I started this post a few years ago and have finally gotten around to completing it.
You don’t hear very much about Santorini Man anymore, which is surprising because its one of the most interesting and perplexing unexplained mysteries of the 20th century in my humble opinion.
On July 19, 1936, two swimmers reported a body that had washed up on Mesa Pigadia beach on the Greek island of Santorini. They reported their find to police, and the body was taken away in an official vehicle. According to interviews they later gave to an Athens newspaper, the dead man looked as if he had not been dead very long. He was of medium complexion, medium height, and medium weight, and had medium brown hair. He was wearing a gray suit, and also shoes. They looked in his pockets and found nothing except a page torn from a book, which they said was from a UK English edition of V. M. Straka’s The Black Nineteen. Their story caused a worldwide sensation but Greek officials were not forthcoming with any information.

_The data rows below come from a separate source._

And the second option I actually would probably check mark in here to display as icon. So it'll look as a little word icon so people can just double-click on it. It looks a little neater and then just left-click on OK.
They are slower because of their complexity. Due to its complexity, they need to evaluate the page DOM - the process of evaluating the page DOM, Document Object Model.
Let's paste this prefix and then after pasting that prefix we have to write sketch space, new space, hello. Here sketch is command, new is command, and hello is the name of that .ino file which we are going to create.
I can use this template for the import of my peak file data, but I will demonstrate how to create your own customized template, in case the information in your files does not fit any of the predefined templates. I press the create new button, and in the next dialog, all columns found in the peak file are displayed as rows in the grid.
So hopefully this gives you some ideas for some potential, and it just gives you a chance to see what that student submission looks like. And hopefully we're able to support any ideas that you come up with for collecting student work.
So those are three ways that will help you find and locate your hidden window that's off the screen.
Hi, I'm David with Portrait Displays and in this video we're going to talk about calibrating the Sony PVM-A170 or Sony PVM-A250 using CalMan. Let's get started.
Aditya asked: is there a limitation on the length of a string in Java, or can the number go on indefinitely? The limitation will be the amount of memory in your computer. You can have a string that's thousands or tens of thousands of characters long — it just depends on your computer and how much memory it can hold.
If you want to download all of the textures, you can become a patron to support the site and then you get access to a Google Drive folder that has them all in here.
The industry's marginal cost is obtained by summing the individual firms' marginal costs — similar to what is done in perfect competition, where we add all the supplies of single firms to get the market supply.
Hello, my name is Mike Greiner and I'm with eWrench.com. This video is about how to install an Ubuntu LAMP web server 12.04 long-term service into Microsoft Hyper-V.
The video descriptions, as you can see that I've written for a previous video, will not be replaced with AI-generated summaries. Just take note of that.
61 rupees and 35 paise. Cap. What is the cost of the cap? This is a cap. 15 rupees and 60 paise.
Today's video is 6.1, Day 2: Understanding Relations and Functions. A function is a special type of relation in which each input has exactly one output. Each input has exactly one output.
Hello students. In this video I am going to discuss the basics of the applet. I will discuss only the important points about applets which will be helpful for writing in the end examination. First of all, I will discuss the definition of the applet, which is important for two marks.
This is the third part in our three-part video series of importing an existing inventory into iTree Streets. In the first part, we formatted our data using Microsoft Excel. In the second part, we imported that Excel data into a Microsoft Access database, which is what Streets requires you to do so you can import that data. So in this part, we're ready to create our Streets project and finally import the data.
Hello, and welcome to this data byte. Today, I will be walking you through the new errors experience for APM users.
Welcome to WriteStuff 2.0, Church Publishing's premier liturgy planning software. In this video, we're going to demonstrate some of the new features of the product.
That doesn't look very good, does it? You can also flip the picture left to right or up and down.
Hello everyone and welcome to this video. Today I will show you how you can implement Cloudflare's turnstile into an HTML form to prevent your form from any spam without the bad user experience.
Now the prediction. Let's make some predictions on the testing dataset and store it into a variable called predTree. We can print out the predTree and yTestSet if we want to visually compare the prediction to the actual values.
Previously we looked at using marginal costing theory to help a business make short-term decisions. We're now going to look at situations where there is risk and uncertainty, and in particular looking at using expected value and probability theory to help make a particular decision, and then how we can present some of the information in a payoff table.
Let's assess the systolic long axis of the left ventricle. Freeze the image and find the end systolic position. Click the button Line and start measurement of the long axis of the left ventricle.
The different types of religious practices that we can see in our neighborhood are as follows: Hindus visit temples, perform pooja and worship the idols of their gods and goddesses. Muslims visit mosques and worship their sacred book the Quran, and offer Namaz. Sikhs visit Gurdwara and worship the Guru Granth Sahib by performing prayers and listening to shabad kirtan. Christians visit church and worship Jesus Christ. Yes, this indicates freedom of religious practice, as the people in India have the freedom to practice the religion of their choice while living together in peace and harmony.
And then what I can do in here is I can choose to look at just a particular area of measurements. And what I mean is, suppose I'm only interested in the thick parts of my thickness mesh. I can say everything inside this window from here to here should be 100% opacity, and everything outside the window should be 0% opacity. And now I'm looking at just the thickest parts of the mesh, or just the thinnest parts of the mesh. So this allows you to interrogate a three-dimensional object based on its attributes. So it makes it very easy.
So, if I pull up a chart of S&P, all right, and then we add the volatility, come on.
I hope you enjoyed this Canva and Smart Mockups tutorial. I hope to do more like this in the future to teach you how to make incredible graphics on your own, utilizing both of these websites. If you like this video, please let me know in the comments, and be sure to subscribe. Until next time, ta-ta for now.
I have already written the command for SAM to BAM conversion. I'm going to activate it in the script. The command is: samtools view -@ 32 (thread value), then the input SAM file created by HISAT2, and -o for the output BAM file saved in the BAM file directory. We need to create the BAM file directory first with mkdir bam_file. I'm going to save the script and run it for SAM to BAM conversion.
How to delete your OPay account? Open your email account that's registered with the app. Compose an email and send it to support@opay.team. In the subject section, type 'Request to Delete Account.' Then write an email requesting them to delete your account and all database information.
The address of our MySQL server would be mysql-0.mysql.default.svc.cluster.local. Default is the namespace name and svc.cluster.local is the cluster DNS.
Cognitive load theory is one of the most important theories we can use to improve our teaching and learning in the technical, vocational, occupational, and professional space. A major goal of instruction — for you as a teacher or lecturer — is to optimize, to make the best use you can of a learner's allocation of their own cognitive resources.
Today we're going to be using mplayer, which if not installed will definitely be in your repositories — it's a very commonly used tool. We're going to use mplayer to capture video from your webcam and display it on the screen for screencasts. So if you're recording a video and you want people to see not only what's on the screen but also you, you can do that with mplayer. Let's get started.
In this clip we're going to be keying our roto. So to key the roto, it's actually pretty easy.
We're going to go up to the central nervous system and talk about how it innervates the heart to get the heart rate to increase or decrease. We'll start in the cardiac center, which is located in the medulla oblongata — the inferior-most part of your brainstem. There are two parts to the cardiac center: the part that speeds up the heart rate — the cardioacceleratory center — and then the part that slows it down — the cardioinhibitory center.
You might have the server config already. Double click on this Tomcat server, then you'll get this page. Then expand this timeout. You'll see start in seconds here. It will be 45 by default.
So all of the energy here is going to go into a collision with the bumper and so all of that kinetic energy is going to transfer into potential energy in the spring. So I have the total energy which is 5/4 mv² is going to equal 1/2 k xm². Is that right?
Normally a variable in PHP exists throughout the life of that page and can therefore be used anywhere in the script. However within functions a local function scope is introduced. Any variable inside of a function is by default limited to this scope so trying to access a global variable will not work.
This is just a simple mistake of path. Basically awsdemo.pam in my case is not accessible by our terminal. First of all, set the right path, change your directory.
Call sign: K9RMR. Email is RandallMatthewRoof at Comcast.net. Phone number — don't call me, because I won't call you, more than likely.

In November 1936, a Swedish magazine published what it said was the report from Santorini Man’s autopsy. The report contained a blurry photo of the man’s face. Apparently the fingerprints were not taken, though it is doubtful they would’ve resulted in an identification because none of the fingerprints taken from any of the bodies that appeared later ever have. There were two references to the page from the Straka book, but one said it was p. 109-110 and another said it was p. 9-10. There was no determination about cause of death, which everyone thought was strange because the swimmers said the body looked like it was in perfectly good shape so how could it be anything other than drowning? No one has ever identified the man by his face, although hundreds of tips came in to the magazine and to a Santorini Man Society that had started up in London.